Universal Redundancies in Time Series Foundation Models

TL;DR

This paper investigates the internal redundancies of Time Series Foundation Models (TSFMs), revealing universal properties and proposing interpretability tools and theoretical insights to understand their behavior and robustness.

Contribution

It introduces a mechanistic interpretability framework for TSFMs, identifies universal redundancies, and develops a kernel-based theoretical model to analyze and ablate specific model components.

Findings

Leading TSFMs have redundant intermediate layers.

Models are robust to entire layer ablations.

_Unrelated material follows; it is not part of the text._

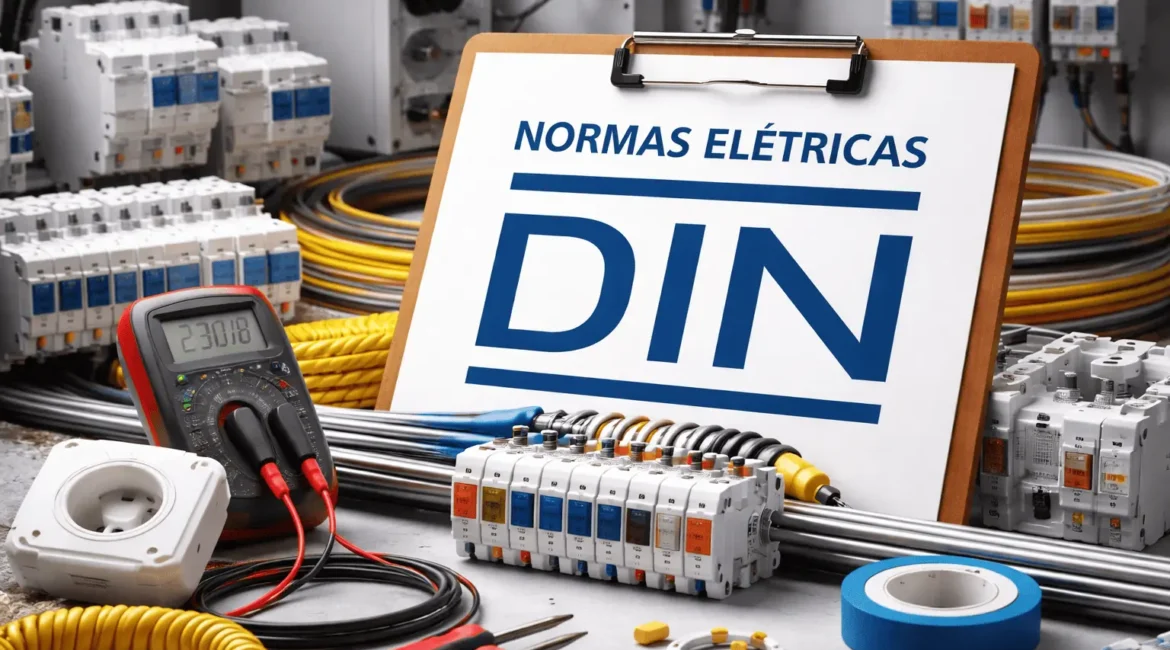 Normas elétricas DIN aplicadas com uso de ferramentas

Identifies heads responsible for motif parroting and seasonality bias.

Abstract

Time Series Foundation Models (TSFMs) leverage extensive pretraining to accurately predict unseen time series during inference, without the need for task-specific fine-tuning. Through large-scale evaluations on standard benchmarks, we find that leading transformer-based TSFMs exhibit redundant components in their intermediate layers. We introduce a set of tools for mechanistic interpretability of TSFMs, including ablations of specific components and direct logit attribution on the residual stream. Our findings are consistent across several leading TSFMs with diverse architectures, and across a diverse set of real-world and synthetic time-series datasets. We discover that all models in our study are robust to ablations of entire layers. Furthermore, we develop a theoretical framework framing transformers as kernel regressors, motivating a purely intrinsic strategy for ablating heads based on the stable rank of the per-head projection matrices. Using this approach, we uncover the specific heads responsible for degenerate phenomena widely observed in TSFMs, such as parroting of motifs from the context and seasonality bias. Our study sheds light on the universal properties of this emerging class of architectures for continuous-time sequence modeling.